Mein lieber Generalfeldmarschall von Lehwaldt. Es ist Mir Euer Schreiben vom 27. voriges richtig und wohl eingeliefert worden.
Da Ich aus solchem ersehen habe, wie Euren dort habenden Nachrichten nach in Liv- und Kurland noch alles derer dortigen Truppen halber ganz ruhig und stille ist, so finde Ich nöthig, Euch von den<170> wahren Ursachen und von den eigentlichen Umständen der neuerlichen Bewegung derer russischen Truppen hierdurch zu Eurer alleinigen Direction, jedoch als das grösseste Geheimniss, so Ihr Mir gegen Jedermann auf das ohnverbrlichlichste observiren müsset, au Fait zu setzen und über alles deutlich zu instruiren.

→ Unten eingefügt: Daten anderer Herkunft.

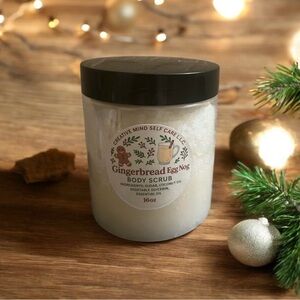 Handcrafted Gingerbread Egg Nog Body Scrub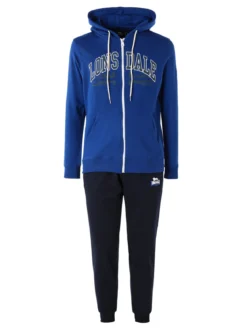 Lonsdale Completo tuta da uomo 2 pezzi con cappuccio e zip - blu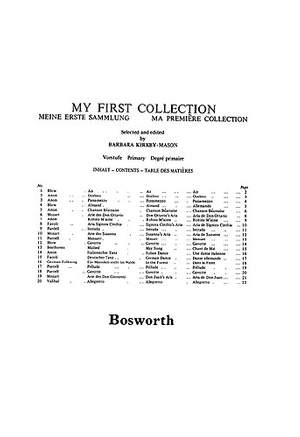 Barbara Kirkby-Mason: My First Collection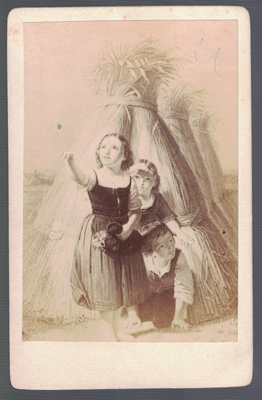 FOTOGRAFIA NIÑAS. SOBRE 1880.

Der Anfang dieser Sache ist gewesen, dass, als man in dem Frühjahre dieses Jahres dem König von Engelland malitieuser und falscher Weise eine grosse Furcht wegen des von Mir im Monat September bei Spandow geordneten Campements beigebracht und demselben imponiret hatte, wie Meine geheime Absicht unter solchem Campement diese wäre, dass Ich mit denen dahin zu versammelnden Truppen auf einmal die hannöverschen Lande überfallen und dadurch eine von Mir formirete Prätension auf die lauenburgische Lande,170-1 welche Mir doch niemalen in die Gedanken gekommen ist, gelten machen wollte, so hat erwähnter König, ohnerachtet allem, was Ich thun können, ihn von dieser vergeblichen Furcht zu desabusiren, dennoch durch seinen in Russland habenden Minister bei dem Hofe zu Moskau ingeheim auf einen neuen Subsidientractat antragen [lassen], nach welchem Russland gegen englische Subsidien jedesmal ein Corps von etliche fünfzig Tausend Mann in Livland nebst einer Anzahl Galeeren zu des Königs von Engelland Disposition parat halten sollen, um auf den Fall, dass Ich die hannöversche Lande attaquiren würde, Mir sogleich und auf den ersten Wink eine nachdrückliche Diversion in Preussen damit zu machen.
Diese Negociation ist durch gedachten englischen Minister, welchem der österreichische und andere Ministres darunter getreulichst assistiret, dahin gebracht worden, dass endlich im letzteren Monate Julii die russischen Ministres dem englischen Minister Guy Dickens ein Projet zu einer zu treffenden Convention170-2 zugestellet haben, nach welcher Russland auf gewisse Jahre, und so lange der König von Engelland es nöthig finden würde, eine Anzahl von 60,000 Mann Truppen in Livland und da herum zu des letzteren Disposition bereit zu halten sich offeriret, dergestalt, dass auf den Fall Ich die hannöversche Lande attaquiren würde, solches [Corps] sogleich marschiren könne; dahergegen die russischen Ministres ein jährliches Subside, und zwar in Friedenszeiten, und so lange das Corps in Livland stehen werde, von einer Million holländischer Thaler, in Kriegeszeiten aber, und wenn es zur Ruptur käme, von drei Millionen Thaler verlanget haben.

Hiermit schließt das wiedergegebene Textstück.